María transmite bien su entusiasmo y esa sensación que experimentamos ilusionados al internarnos en un sendero, con una mochila a la espalda y un espíritu vivacqueante, a medida que el camino y sus desniveles nos desgasta y erosiona, al tiempo que nos renueva y vigoriza.
Es clave lo que apunta de educar la mirada. María no solo camina, su acción va mucho más allá de ser una actividad física lúdica, dado que en la medida en que conozcamos y nos interesemos por el hábitat que nos rodea, y este deje de ser un decorado, para pasar nosotros a formar parte activa del mismo, sabremos escuchar el latido de la naturaleza y sacarle todo el jugo a la flora, la fauna, la ornitología, la geología, etc, que nos circunda. El capítulo de los flysch es muy ilustrativo, porque donde nosotros no vemos otra cosa que rocas, los geólogos ven allí la historia del planeta capeada y laminada.

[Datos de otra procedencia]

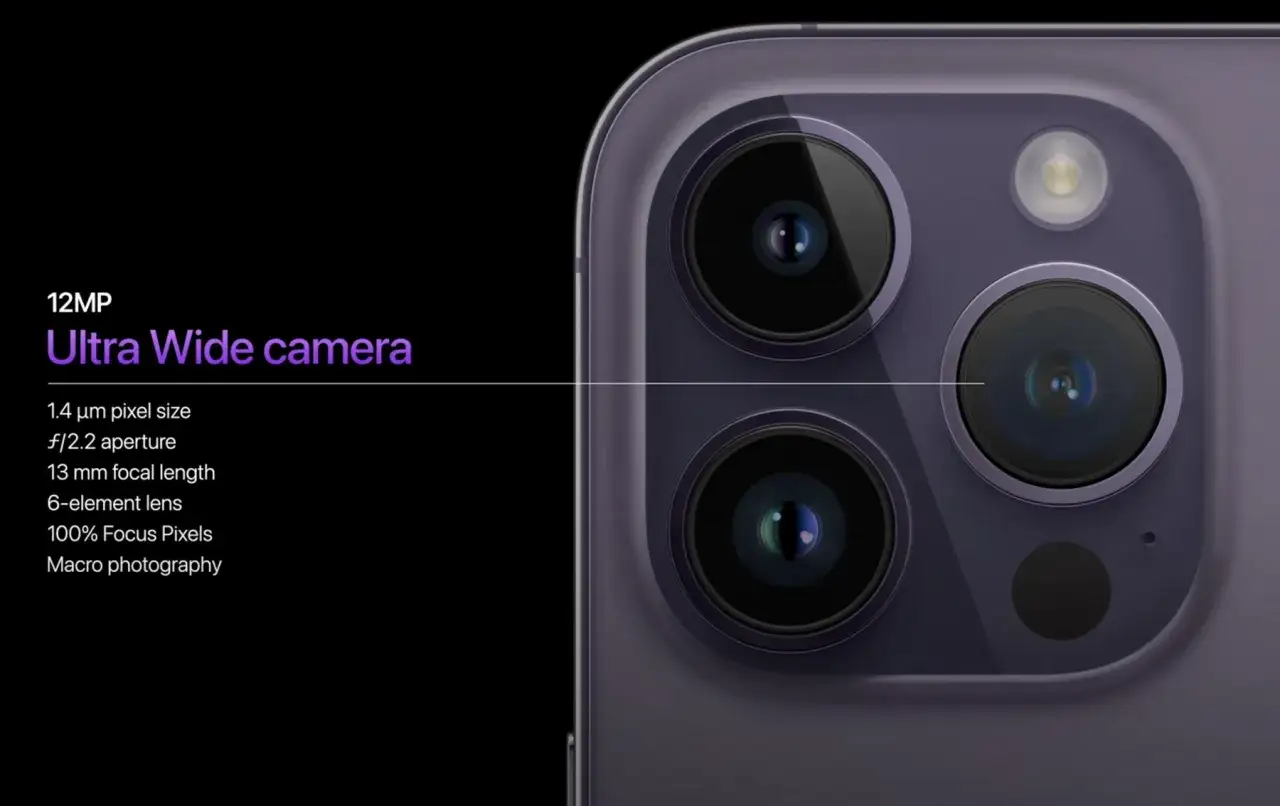 Zbliżenie na potr&oacute;jny aparat iPhone 14 Pro. Ultra szerokokątny obiektyw 12MP z przysłoną f/2.2 i ogniskową 13mm.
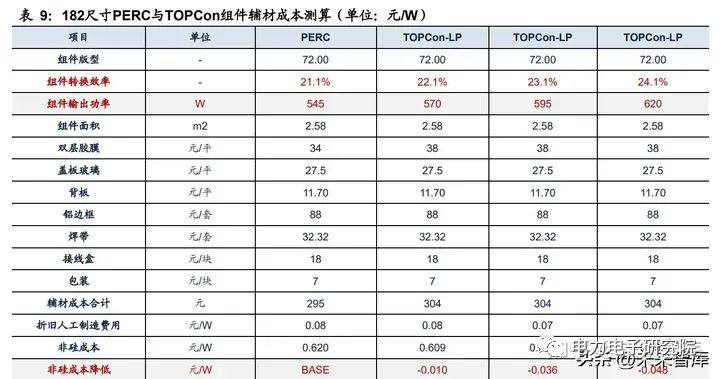 TOPCon与PERC成本及溢价对比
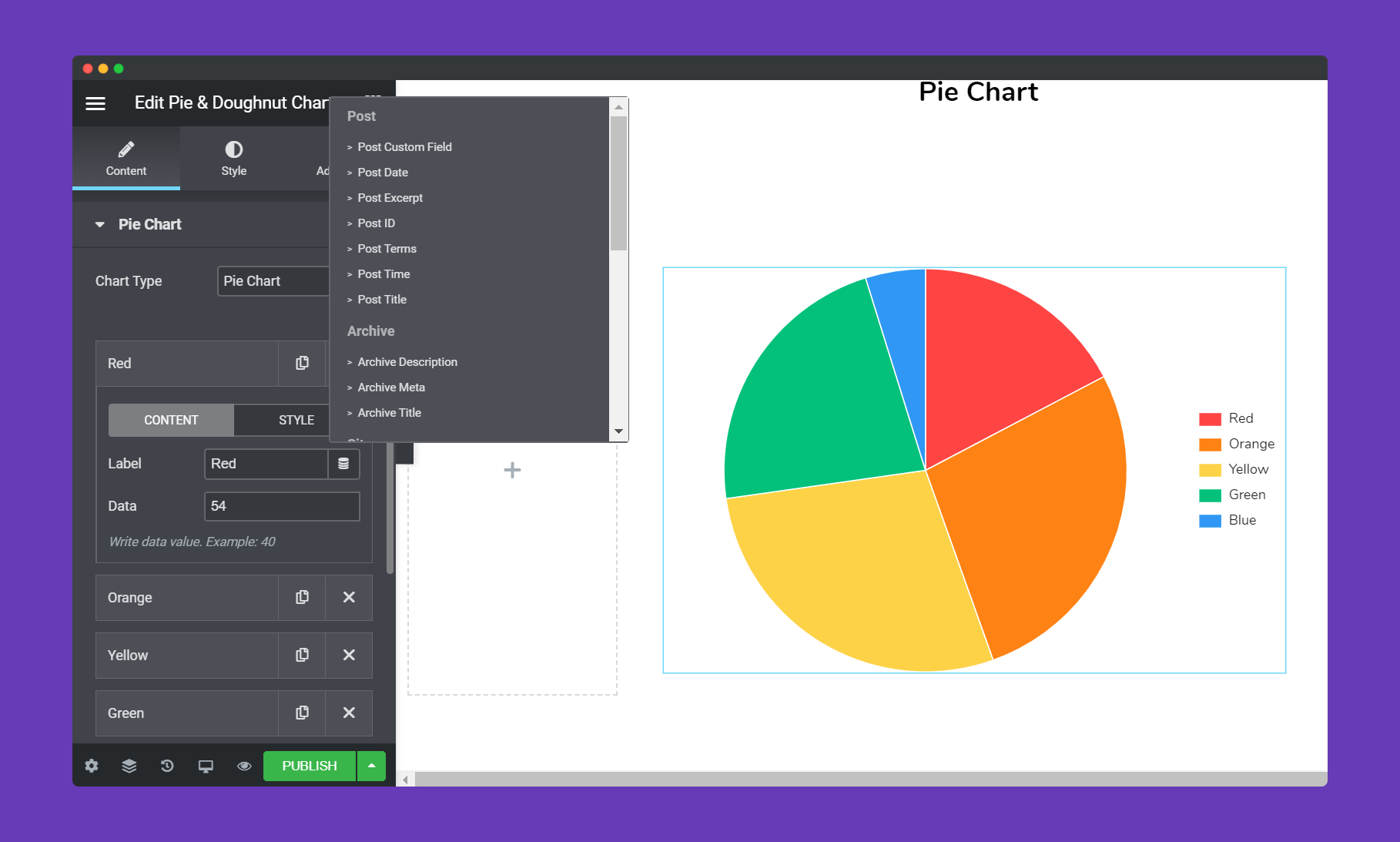 Pie chart Content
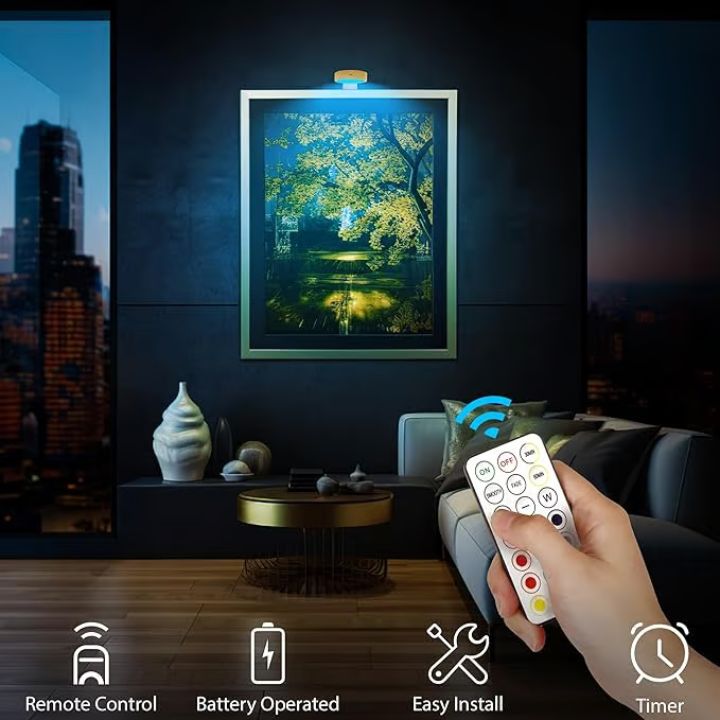 LuminoMag™ — Perfekte Kunstbeleuchtung in Sekunden | 1+1 Gratis
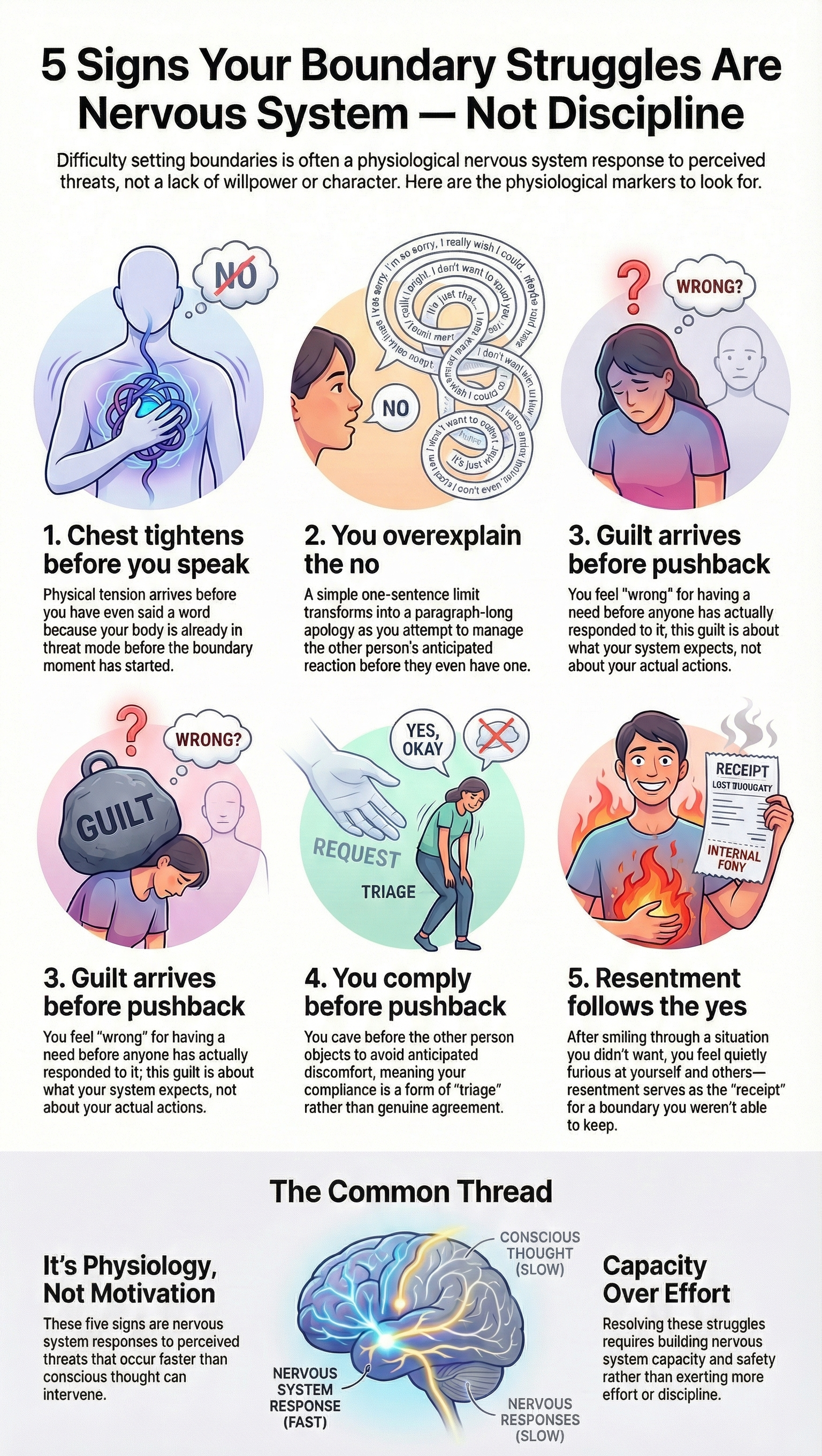five signs that boundary struggles are tied to your nervous system infographic
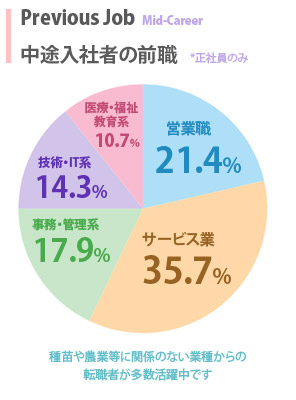 中途入社者の前職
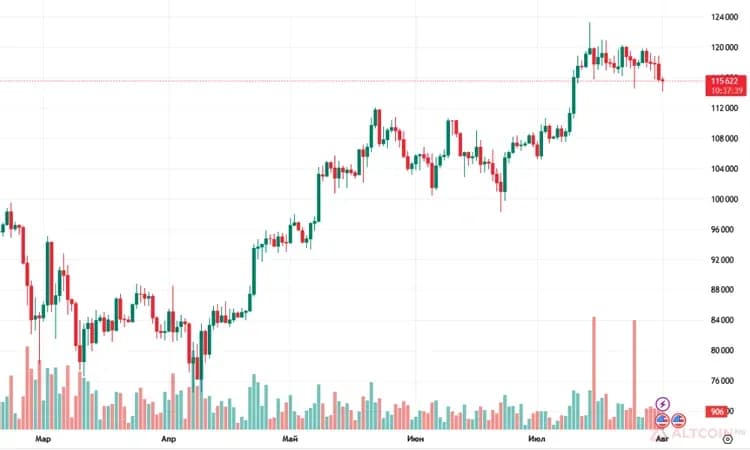 Итоги-июля-и-прогнозы-на-август-курс-BTC.png.webp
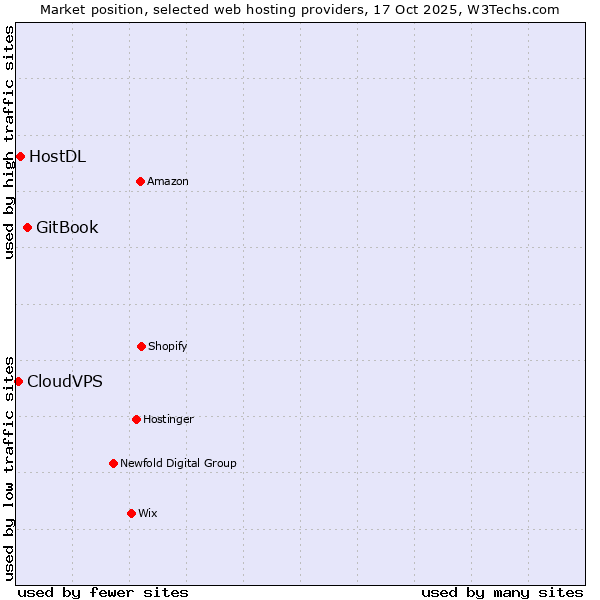 Market position of GitBook vs. HostDL vs. CloudVPS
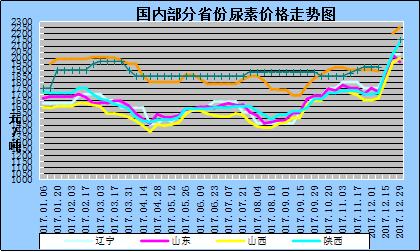 鲁西尿素市场价格走势分析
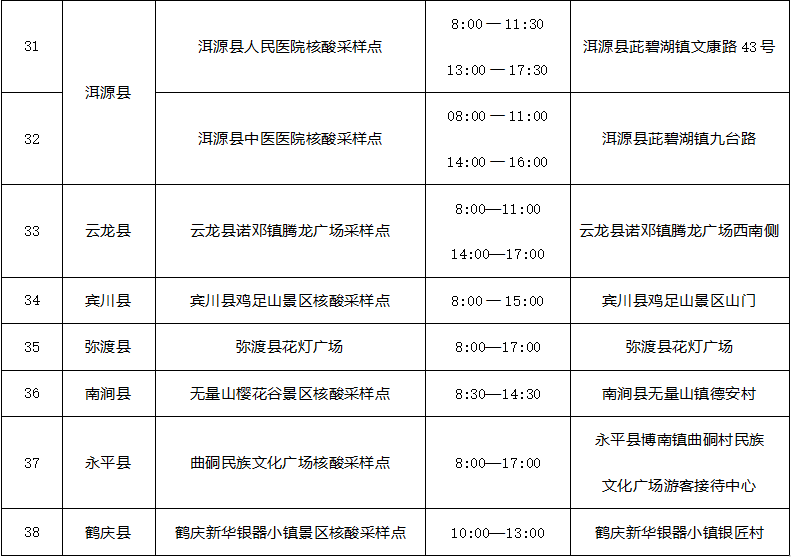 楚雄最新通知，引领城市发展与策略更新步伐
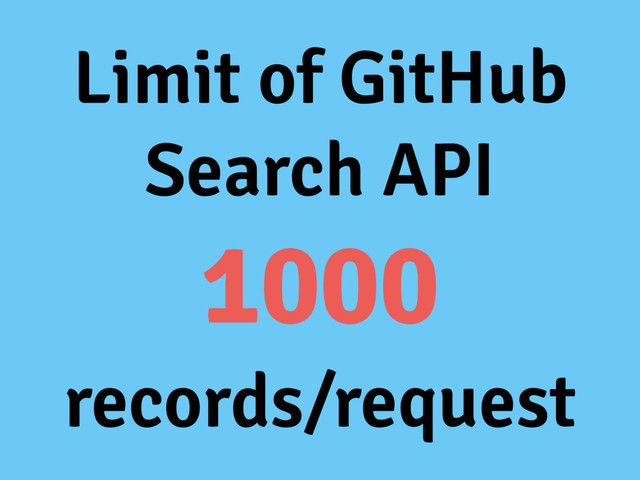 Limit of GitHub
Search API
1000
records/request
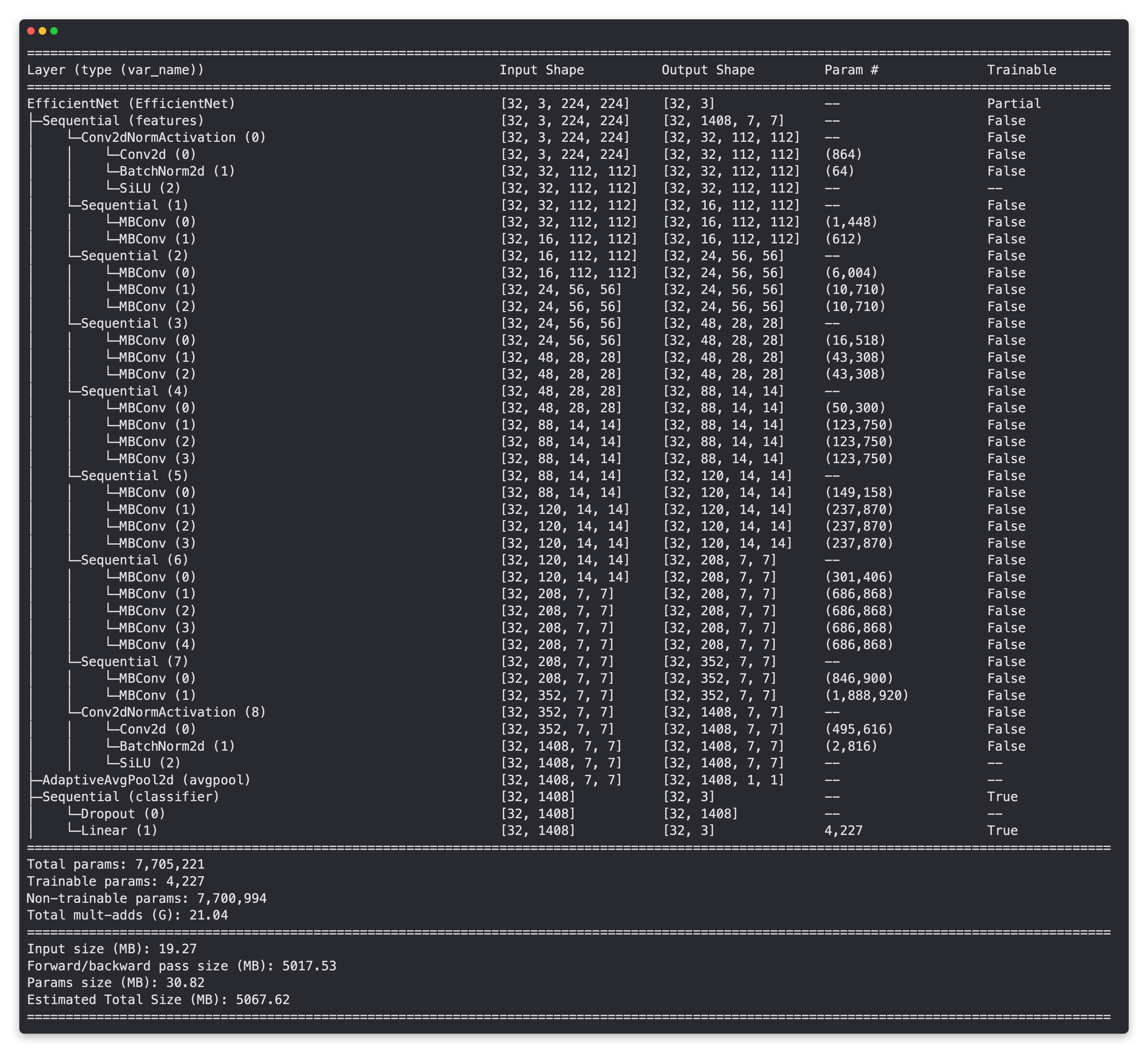 output of torchinfo.summary() when passed our effnetb2 model with base layers are frozen and classifier head is updated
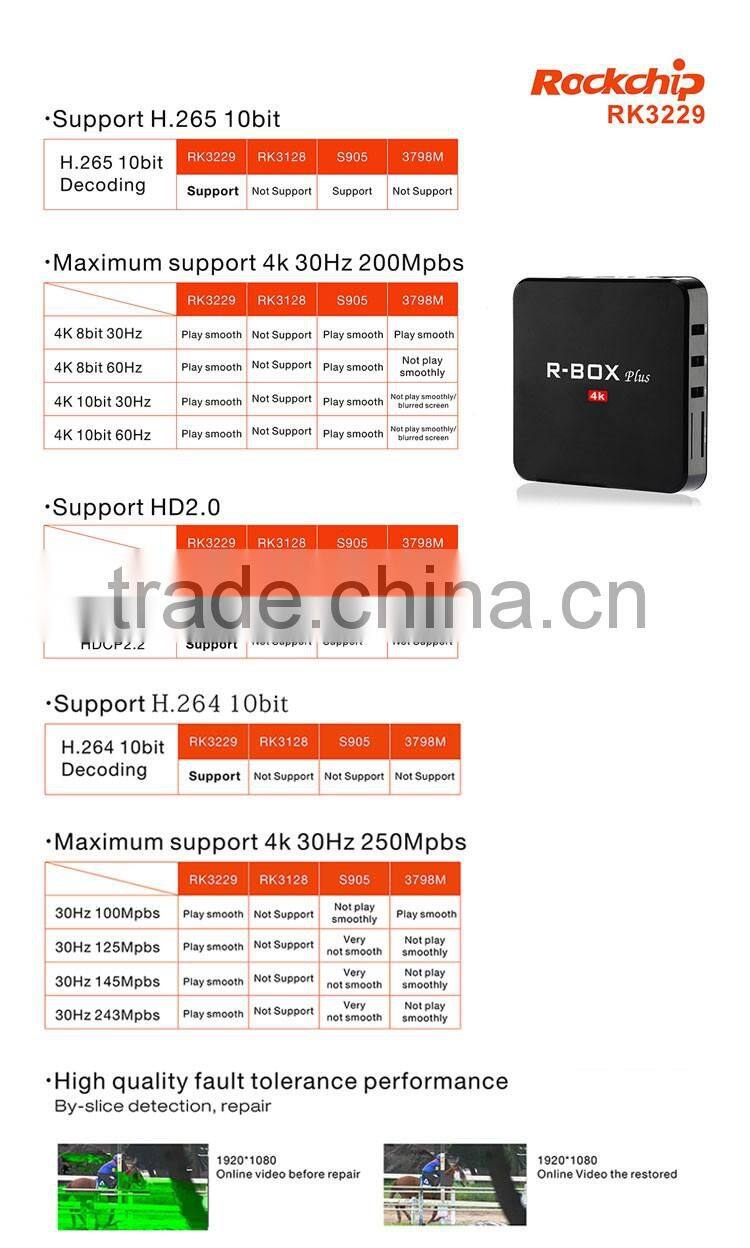 R-box plus 16GB flash memory 4K smart android 5.1 box with bt4.0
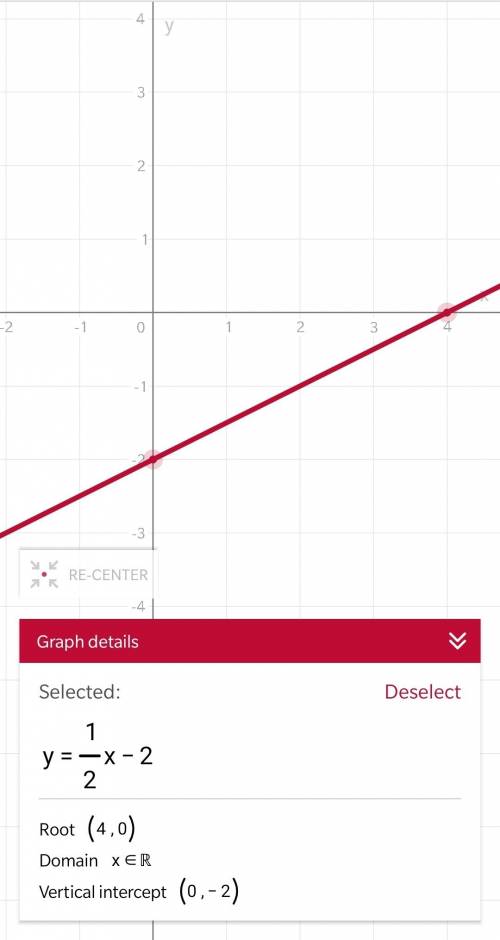 On a sheet of paper graph y <  1/2x - 2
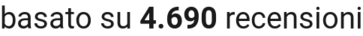 number of reviews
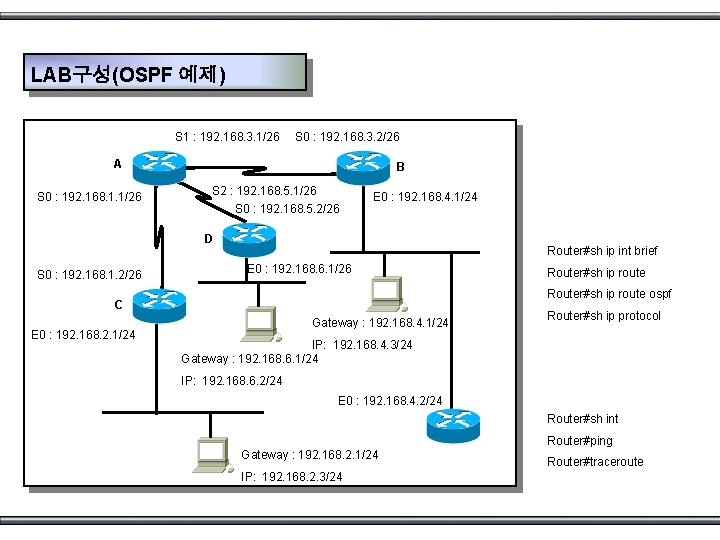 LAB구성(OSPF 예제) S 1 : 192. 168. 3. 1/26 S 0 : 192. 168.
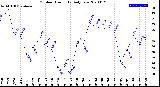 Milwaukee Weather Outdoor Humidity<br>Daily Low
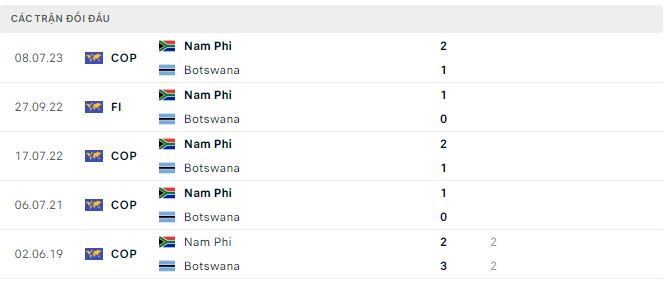 Nhận định, soi kèo Nam Phi vs Botswana, 20h ngày 29/6: 3 điểm đầu tiên - Ảnh 3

Se cita al ineludible Thoreau, ambientalista y caminante, si bien María no la veo como una perfecta salvaje, pues disfruta ésta de las comodidades del progreso, de una conversación amena, de la compañía de un guía, de una cena regada con un buen vino blanco, de una recuperadora noche bajo techo, huyendo de la oscuridad y de los parajes desolados a cielo abierto, pero creo que su lectura sí que nos permite desterrarnos de nosotros mismos durante unas horas, no sé si alcanzando la felicidad, pero sí algo parecido a la placidez, a una alegría serena, alimentando a su vez nuestra curiosidad –poniéndome en el horizonte unas cuantas lecturas: Patrick Leigh Fermor, Richard Fortey, Philip Hoare, Rachel Carson…-, y para quienes tenemos la costa vasca a tiro de piedra, a apenas dos horas de coche, nos da pie para fantasear con recorrer el día menos pensado los senderos del mar de María, con su libro en ristre y el ánimo inflamado.